The pictures stay out; everything else in the entries below must be returned exactly.
---------- Exercise data ----------
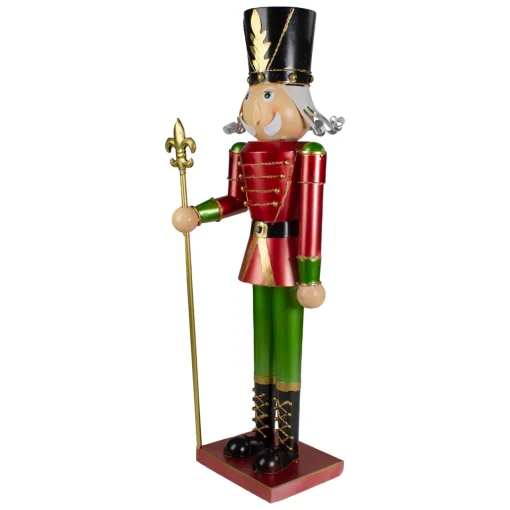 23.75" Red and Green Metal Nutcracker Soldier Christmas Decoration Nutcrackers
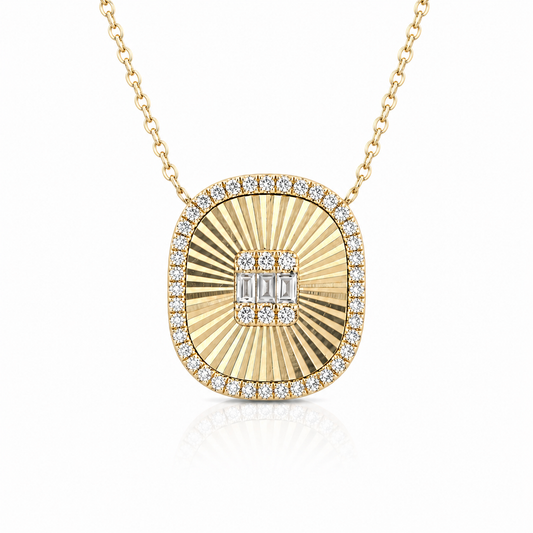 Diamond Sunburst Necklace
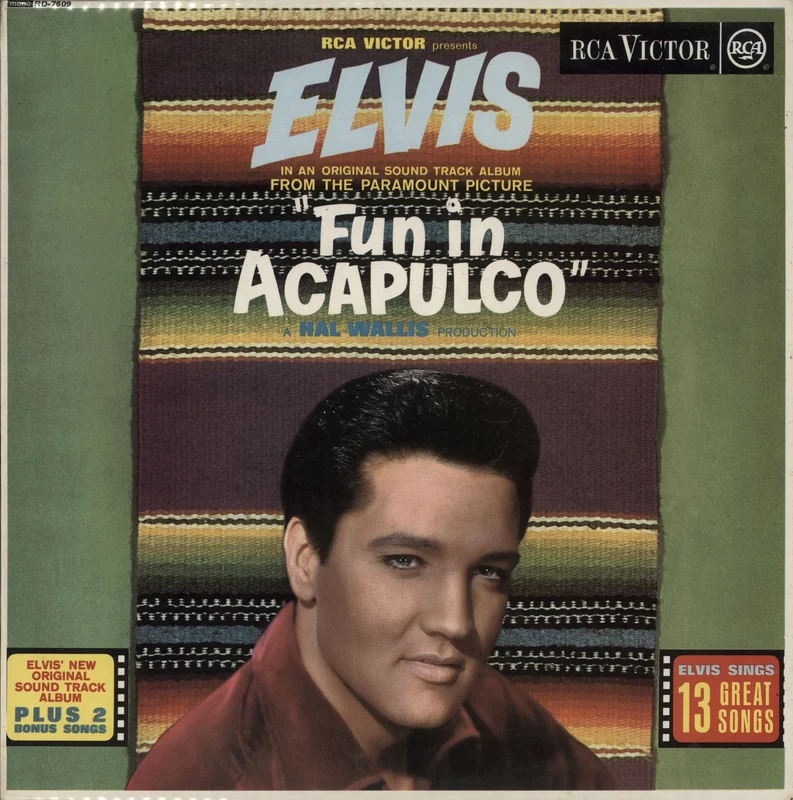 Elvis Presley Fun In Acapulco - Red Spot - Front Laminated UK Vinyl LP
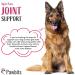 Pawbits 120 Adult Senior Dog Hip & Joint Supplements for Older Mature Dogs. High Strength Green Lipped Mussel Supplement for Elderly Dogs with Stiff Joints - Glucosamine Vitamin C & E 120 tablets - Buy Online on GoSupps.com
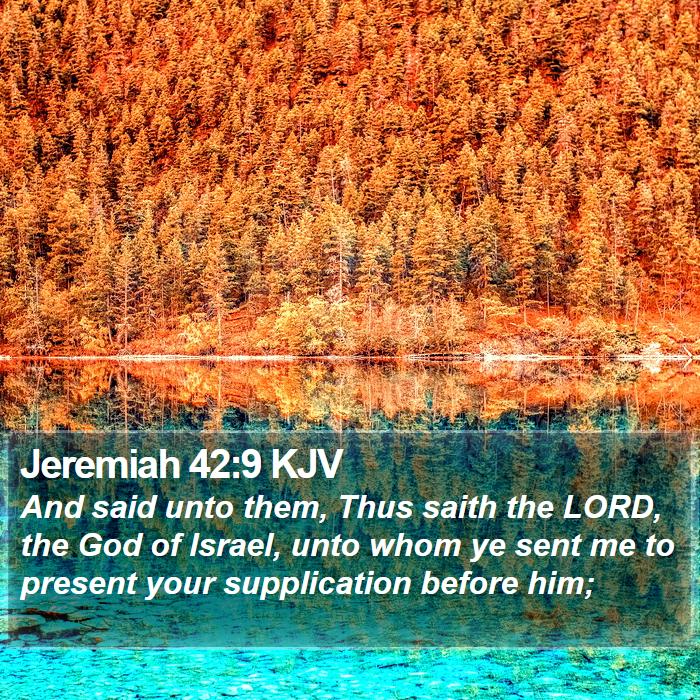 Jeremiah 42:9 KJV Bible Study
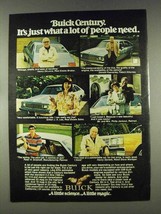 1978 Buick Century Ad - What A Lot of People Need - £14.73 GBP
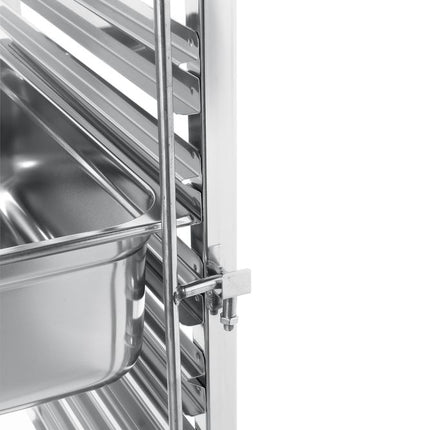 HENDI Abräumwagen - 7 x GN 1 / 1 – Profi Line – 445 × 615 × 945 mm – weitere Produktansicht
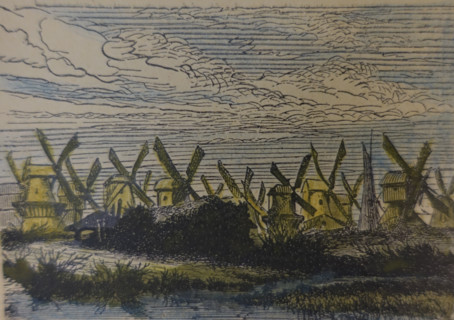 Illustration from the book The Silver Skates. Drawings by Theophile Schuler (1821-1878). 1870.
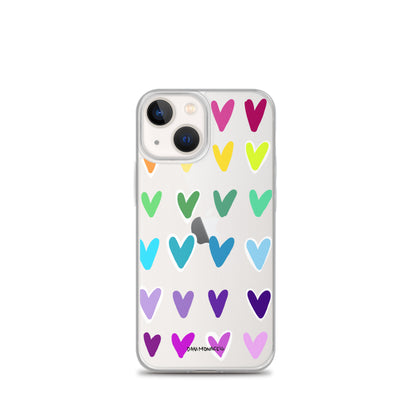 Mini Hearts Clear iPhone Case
----------
= Answer for this exercise =
 23.75" Red and Green Metal Nutcracker Soldier Christmas Decoration Nutcrackers
 Diamond Sunburst Necklace
 Elvis Presley Fun In Acapulco - Red Spot - Front Laminated UK Vinyl LP
 Pawbits 120 Adult Senior Dog Hip & Joint Supplements for Older Mature Dogs. High Strength Green Lipped Mussel Supplement for Elderly Dogs with Stiff Joints - Glucosamine Vitamin C & E 120 tablets - Buy Online on GoSupps.com
 Jeremiah 42:9 KJV Bible Study
 1978 Buick Century Ad - What A Lot of People Need - £14.73 GBP
 HENDI Abräumwagen - 7 x GN 1 / 1 – Profi Line – 445 × 615 × 945 mm – weitere Produktansicht
 Illustration from the book The Silver Skates. Drawings by Theophile Schuler (1821-1878). 1870.
 Mini Hearts Clear iPhone Case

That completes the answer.